==== MATERIAL PROVIDED

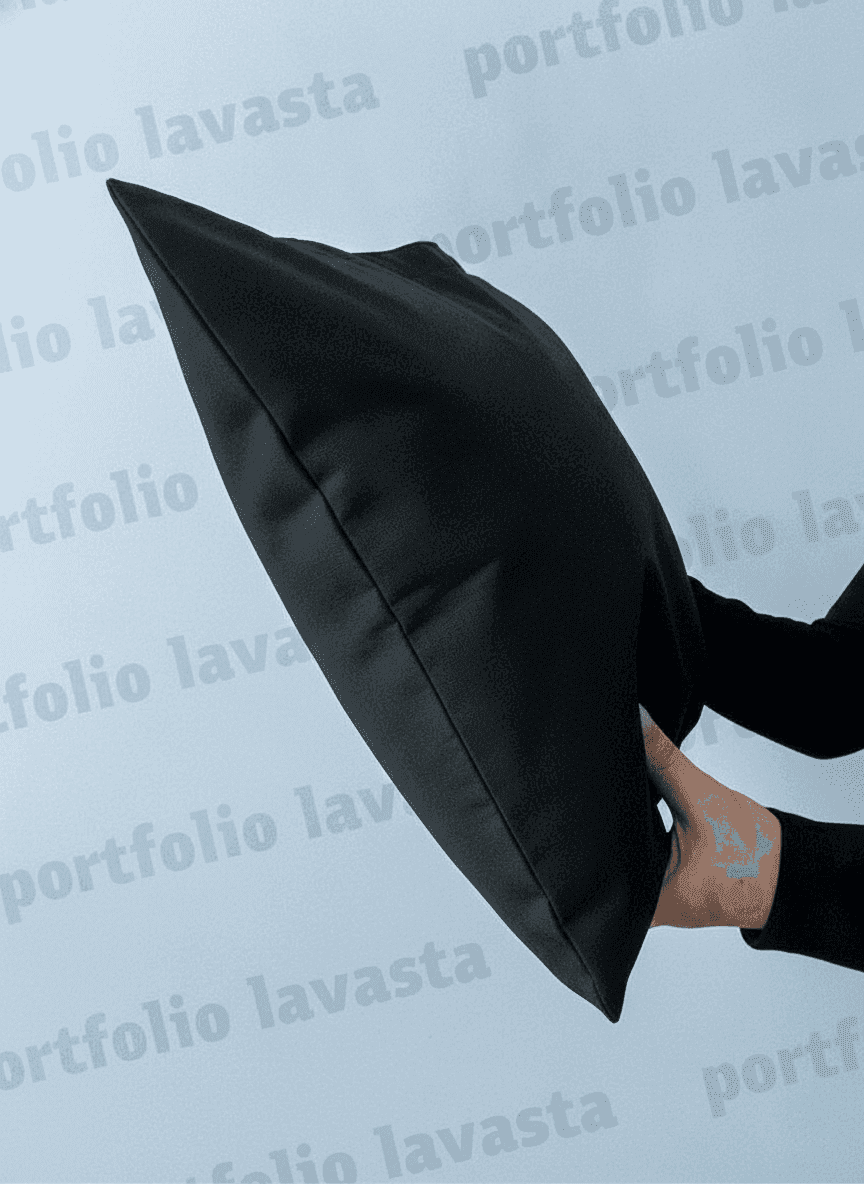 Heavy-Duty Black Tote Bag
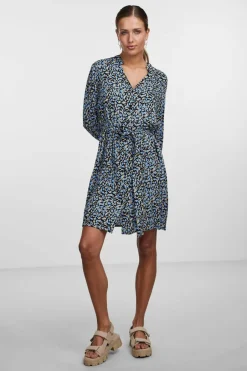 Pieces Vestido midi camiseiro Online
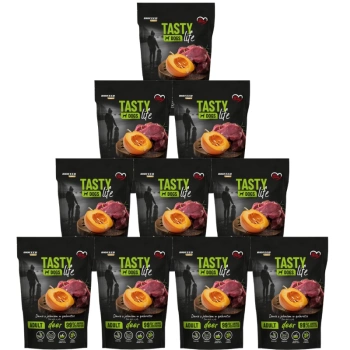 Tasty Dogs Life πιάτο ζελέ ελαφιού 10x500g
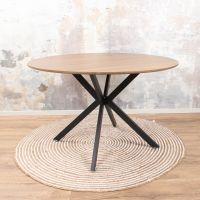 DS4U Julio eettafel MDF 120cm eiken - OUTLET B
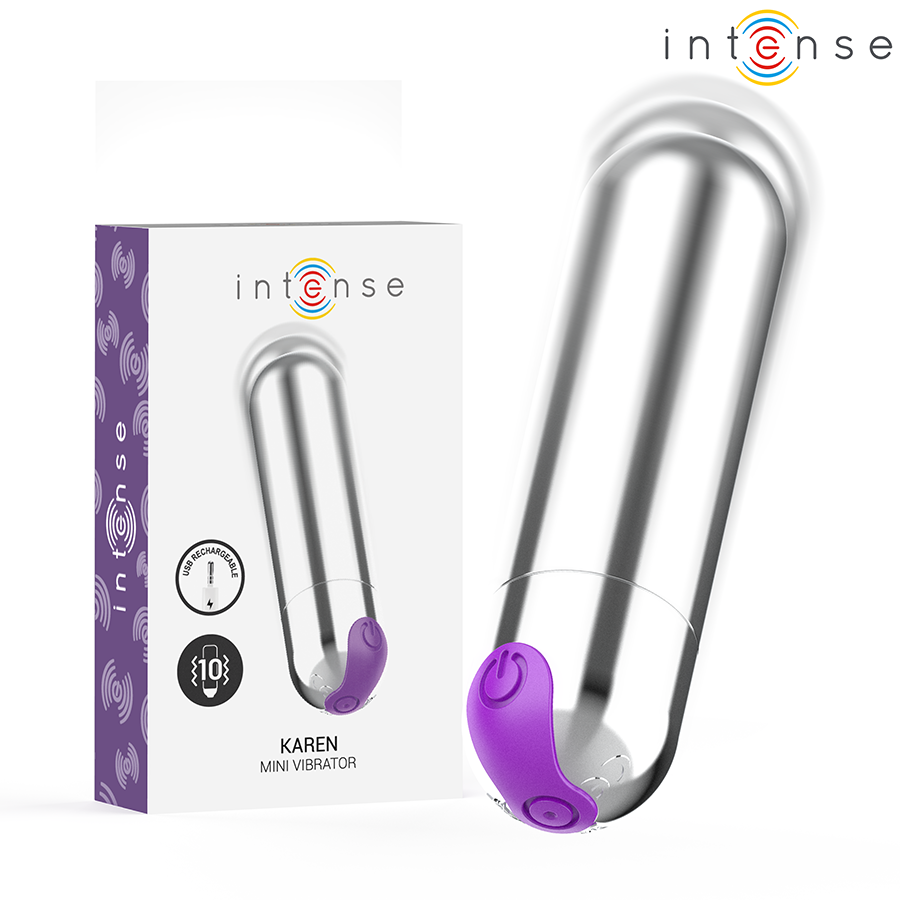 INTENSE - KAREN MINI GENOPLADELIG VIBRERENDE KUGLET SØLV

========

DIRECTIONS FOR THIS TASK:
Please retype every record shown above, exactly as written, but without pictures.

PROBLEM SOLUTION:
 Heavy-Duty Black Tote Bag
 Pieces Vestido midi camiseiro Online
 Tasty Dogs Life πιάτο ζελέ ελαφιού 10x500g
 DS4U Julio eettafel MDF 120cm eiken - OUTLET B
 INTENSE - KAREN MINI GENOPLADELIG VIBRERENDE KUGLET SØLV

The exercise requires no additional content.